My problem relies on an earlier recursive definition that we solved in class:
$W_n = 3W_{n-1}- W_{n-2}$ if $n \ge 2, W_0=1$, and $W_1=3.$
It also recalls the Fibonacci recursive definition of $F_n = F_{n-1} + F_{n-2}$ if $n \ge 3, F_1\ge 1$, and $F_2 \ge 1$.
The problem asks me to prove by induction that $W_n\ge F_{2n+2}$ $\forall n \ge 0$.
For the base case, I checked $W_2 = 3W_1 - W_0 = 3\times3 - 1 = 8 = F_6$, which works out.
I'm not sure about what the induction step should be in this case. I know that I have to get to $W_{n+1} \ge F_{2(n+1)+2}$.
I'm thinking maybe I set up $W_{n+1} = 3W_n - W_{n-1}$ and try to translate the right into Fibonacci numbers.
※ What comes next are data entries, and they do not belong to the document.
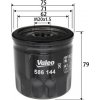 Olejový filter VALEO 586144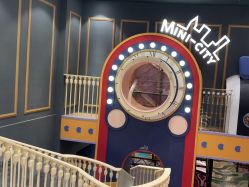 -meland亲子乐园(深圳领展中心城店)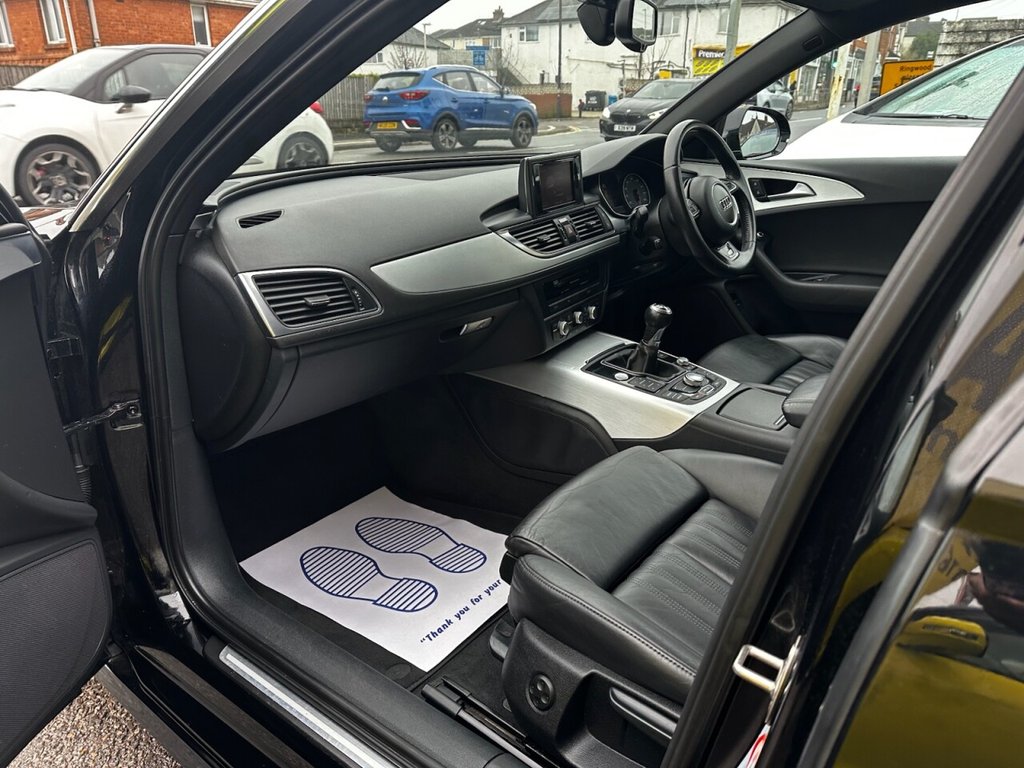 Used Audi A6 2012 for sale - 77952299: Photo 28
I haven't been able to find any induction problems that deal with the relationship between two difference recursive equations like this.
Thanks!
We have $F_n = a \alpha^n + b \beta^n$, for some $a,b \in \mathbb R$, and $\alpha,\beta$ the roots of $X^2-X-1$. (Their precise value is not really important here, but see Binet's formula.)
Then $F_{2n}=a (\alpha^2)^n + b (\beta^2)^n$. Now, $\alpha^2,\beta^2$ are the roots of $X^2-3X+1$ because $\alpha^2+\beta^2=(\alpha+\beta)^2-2\alpha\beta=1+2=3$ and $\alpha^2\beta^2=(\alpha\beta)^2=1$.
Therefore, $G_n=F_{2n}$ satisfies the recurrence $G_n = 3G_{n-1}- G_{n-2}$, the same recurrence as your $W_n$. Since $W_0=G_1$ and $W_1=G_2$, we have $W_n=G_{n+1}=F_{2n+2}$ for all $n$.